Tennis balls... because you don't want to be the one relying on your opponent
Water... obvious, but easy to forget. Getting dehydrated is quite dangerous and could certainly lose you the match
Energy drink... A recent study suggested that a sports energy drink could actually improve performance and psychologically it could give you the edge
Food... no need to go over the top unless your tennis match is one of your three-square meals of the day. But an easy-to-digest energy bar, a banana or our current favourite, dried dates, will give you a boost when you reach that tricky third set
First aid... OK, let's not assume the worst, but even a small finger cut can make a match an awkwardly bloodthirsty affair. A support bandage and a few ibuprofen could also come in handy
Overgrip... Yes we know you haven't changed your grip for nearly two years, but you will find your game immeasurably improved when the racket stops flying out of your hand. See our HEAD grip competition here
Vibration dampeners... If you use them, you lose them. Keep a spare in your bag
A change of top... Nothing makes you feel more like a pro than having a clean, dry shirt for a third set. And as Alize Cornet proved at the US Open, what goes for the boys goes for the girls too
A towel... Don't panic, it's not quite a Hitchhiker's Guide to the Galaxy thing, but a towel is essential kit. Think sweat, drying courts, swiping at wasps, throwing at ball-kids - there are just so many reasons a tennis player needs a towel
A cap... Even if you don't usually wear one, strange courts, strange lights and low-level sun can make a cap invaluable
Sun glasses... as above, dude
Tissues ...invaluable for removing grit from your eye, wiping your glasses, copying with hayfever and generally mopping your brow
Small change... You may have to pay your opponent for the court, or be in desperate need of a cup of tea. Don't be caught short
Dry hand powder .. Sweaty palms are the enemy of great tennis but hard to avoid in hot weather. There are lots of powders, wipes and even anti-perspirants on the market for clammy hands
Your opponent list... Sure you have all those contacts in your phone, but there is nothing quite like having a written record of who you are playing and how to contact them if you are running late
Pen and paper... for taking notes, keeping score or writing your player memoirs
A book... For inspiration or simply to keep you amused if you are forced to wait for an opponent
Lucky mascot... Well why not? Enough of the pros keep a lucky charm so why not include yours!

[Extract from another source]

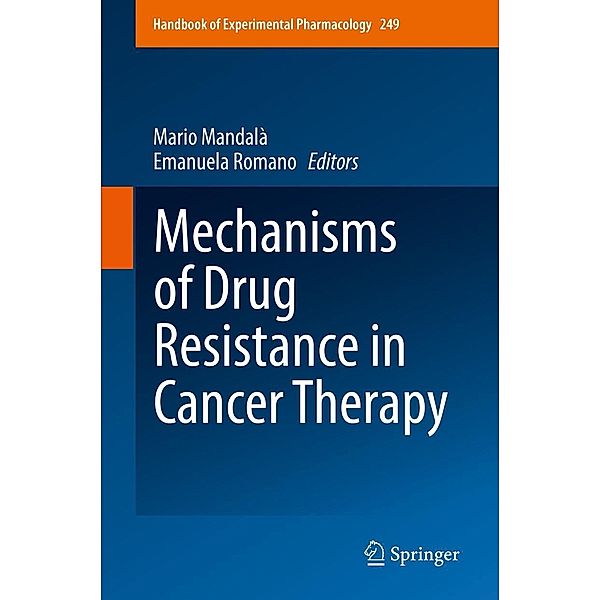 Mechanisms of Drug Resistance in Cancer Therapy / Handbook of Experimental Pharmacology Bd.249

Old balls... It is the tennis player's equivalent of the motorists old airfresheners. They are of no use if they are flat and unplayable and just take up valuable space. That said, do keep a can of opened playable balls. If you are kept waiting you can use these for serving practice or to bribe enthusiastic dogs to mooch elsewhere
Ring pulls... Unless you are keen to prove you were right to bring the first aid kit, don't put these lethally sharp can openers back in your bag. As you are scrabbling for your sunglasses, you are bound to cut yourself
Last week's banana... or any other food that is likely to be quietly composting.
Leaves, twigs insects and other debris... It's park tennis but you don't have to take the park with you. Emptying your bag once in a while is a bug-friendly thing to do.